PacWest is using a deal tactic known as a "bear hug," which basically comes down putting pressure on a board to yield to a bid or negotiating term, says Kip Weissman, a partner with the law firm Luse Gorman Pomerenk & Schick.

They have rarely happened in banking because the commoditized nature of the business has negated the need for hardball tactics. If one bank did not want to sell, a buyer could always try and buy another property with a similar business model, Weissman says.

PacWest may be wagering that the old M&A rules no longer apply to First California, which has some scarcity value as a $2 billion-asset bank with 19 branches in a desirable stretch of California, Weissman says.

The move is a gamble for PacWest because it could stain its reputation among future sellers, Weissman says.

It also could also force First California into the hands of another buyer.

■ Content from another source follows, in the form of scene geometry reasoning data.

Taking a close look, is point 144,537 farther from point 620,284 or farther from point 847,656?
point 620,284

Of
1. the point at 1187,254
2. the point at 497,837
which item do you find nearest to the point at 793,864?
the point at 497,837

There are a number of fairly large banks interested in expanding in California, from U.S. Bancorp (USB) to Umpqua.

"If you are going to be a roll-up player it is very important to have a good reputation among other targets," Weissman says. "There is an element of hostility in it. The buyers have some risk here."

Also, he notes: "With a stock deal they'll acquire these activist investors" in First California.